Given a string s and a non-empty string p, find all the start indices of p's anagrams in s.

Strings consists of lowercase English letters only and the length of both strings s and p will not be larger than 20,100.

The order of output does not matter.

Example 1:

Input:
s: "cbaebabacd" p: "abc"

Output:
[0, 6]

Explanation:
The substring with start index = 0 is "cba", which is an anagram of "abc".
The substring with start index = 6 is "bac", which is an anagram of "abc".
Example 2:

Input:
s: "abab" p: "ab"

Output:
[0, 1, 2]

Explanation:
The substring with start index = 0 is "ab", which is an anagram of "ab".
The substring with start index = 1 is "ba", which is an anagram of "ab".
The substring with start index = 2 is "ab", which is an anagram of "ab".

Time Complexity will be O(n) because the "start" and "end" points will only move from left to right once.
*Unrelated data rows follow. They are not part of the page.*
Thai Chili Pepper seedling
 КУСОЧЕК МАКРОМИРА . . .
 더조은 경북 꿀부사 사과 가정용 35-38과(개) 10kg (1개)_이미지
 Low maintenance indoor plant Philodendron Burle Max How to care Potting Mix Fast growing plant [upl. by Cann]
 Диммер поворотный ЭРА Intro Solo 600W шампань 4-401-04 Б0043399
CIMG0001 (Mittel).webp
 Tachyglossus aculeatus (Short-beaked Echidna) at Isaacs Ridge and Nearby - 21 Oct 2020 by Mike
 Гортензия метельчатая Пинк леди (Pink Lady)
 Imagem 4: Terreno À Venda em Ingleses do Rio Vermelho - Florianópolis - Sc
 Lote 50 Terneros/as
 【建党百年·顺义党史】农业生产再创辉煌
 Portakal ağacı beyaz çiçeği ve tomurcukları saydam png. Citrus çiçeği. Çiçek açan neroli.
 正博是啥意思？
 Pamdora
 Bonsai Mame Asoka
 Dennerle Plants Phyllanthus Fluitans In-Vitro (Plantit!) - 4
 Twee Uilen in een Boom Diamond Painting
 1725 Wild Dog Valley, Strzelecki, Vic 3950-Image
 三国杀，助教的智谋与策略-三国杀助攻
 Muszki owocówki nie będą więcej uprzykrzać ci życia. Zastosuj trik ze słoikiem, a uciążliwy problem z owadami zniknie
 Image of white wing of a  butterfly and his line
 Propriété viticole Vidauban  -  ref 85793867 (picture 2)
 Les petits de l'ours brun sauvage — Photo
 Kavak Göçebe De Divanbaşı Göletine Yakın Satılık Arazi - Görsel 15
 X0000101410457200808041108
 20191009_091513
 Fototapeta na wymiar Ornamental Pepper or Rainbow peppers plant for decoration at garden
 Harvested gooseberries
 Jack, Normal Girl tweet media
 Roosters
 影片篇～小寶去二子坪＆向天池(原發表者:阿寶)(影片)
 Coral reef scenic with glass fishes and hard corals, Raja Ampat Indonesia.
Sliding Window: Use a count to denote the difference between current sliding window and p, if count == 0, means the current sliding window is the same with p, add start to the result

refer to https://discuss.leetcode.com/topic/64434/shortest-concise-java-o-n-sliding-window-solution/2

public class Solution {
    public List<Integer> findAnagrams(String s, String p) {
        List<Integer> list = new ArrayList<>();
    if (s == null || s.length() == 0 || p == null || p.length() == 0) return list;
    
    int[] hash = new int[256]; //character hash
    
    //record each character in p to hash
    for (char c : p.toCharArray()) {
        hash[c]++;
    }
    //two points, initialize count to p's length
    int left = 0, right = 0, count = p.length();
    
    while (right < s.length()) {
        //move right everytime, if the character exists in p's hash, decrease the count
        //current hash value >= 1 means the character is existing in p
        if (hash[s.charAt(right)] >= 1) { //char at right is in p, so is needed to make an anagram of p, so if we shift our window to
            count--;　　　　　　　　　　　　　// include right, the difference between our window and p will decrease by 1, so count-1
        }
        hash[s.charAt(right)]--;　　　　　　//Other case if hash[s.charAt(right)] right now == 0, which means we do not need it, we do not decrease count
        right++;　　　　　　　　　　　　　　　　// hash[s.charAt(right)] will be -1, if window contains some char that p do not need, count will never reach 0
        　　　　　　　　　　　　　　　　　　　　　// whereas some hash[somewhere] will be negative, some hash[somewhereelse] will be positive
        //when the count is down to 0, means we found the right anagram
        //then add window's left to result list
        if (count == 0) {　　　　　　　　　　// this is only when p's chars and window's chars are all the same
            list.add(left);
        }
        //if we find the window's size equals to p, then we have to move left (narrow the window) to find the new match window
        //++ to reset the hash because we kicked out the left
        //only increase the count if the character is in p
        //the count >= 0 indicate it was original in the hash, cuz it won't go below 0
        if (right - left == p.length() ) {
           
            if (hash[s.charAt(left)] >= 0) {
                count++;
            }
            hash[s.charAt(left)]++;
            left++;
        
        }

        
    }
        return list;
    }
}